(What to work on) In the listing below, locate the line that contains "May include: A" and the line that contains "Conjunto acero blanco". Restate word for word those two lines and every line between them, and nothing else.

Given information: Begin

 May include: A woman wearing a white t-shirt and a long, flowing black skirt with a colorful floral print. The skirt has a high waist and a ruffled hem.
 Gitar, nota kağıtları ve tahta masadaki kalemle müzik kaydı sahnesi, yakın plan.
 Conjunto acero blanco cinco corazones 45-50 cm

Given information: End
Given information: Begin

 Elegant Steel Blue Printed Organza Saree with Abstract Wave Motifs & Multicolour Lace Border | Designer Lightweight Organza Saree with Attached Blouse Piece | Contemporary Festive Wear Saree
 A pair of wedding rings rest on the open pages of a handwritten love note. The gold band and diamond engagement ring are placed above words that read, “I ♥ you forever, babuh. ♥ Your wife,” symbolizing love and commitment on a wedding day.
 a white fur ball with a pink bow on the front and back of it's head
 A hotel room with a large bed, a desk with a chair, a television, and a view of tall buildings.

Given information: End

(Exercise output)
 May include: A woman wearing a white t-shirt and a long, flowing black skirt with a colorful floral print. The skirt has a high waist and a ruffled hem.
 Gitar, nota kağıtları ve tahta masadaki kalemle müzik kaydı sahnesi, yakın plan.
 Conjunto acero blanco cinco corazones 45-50 cm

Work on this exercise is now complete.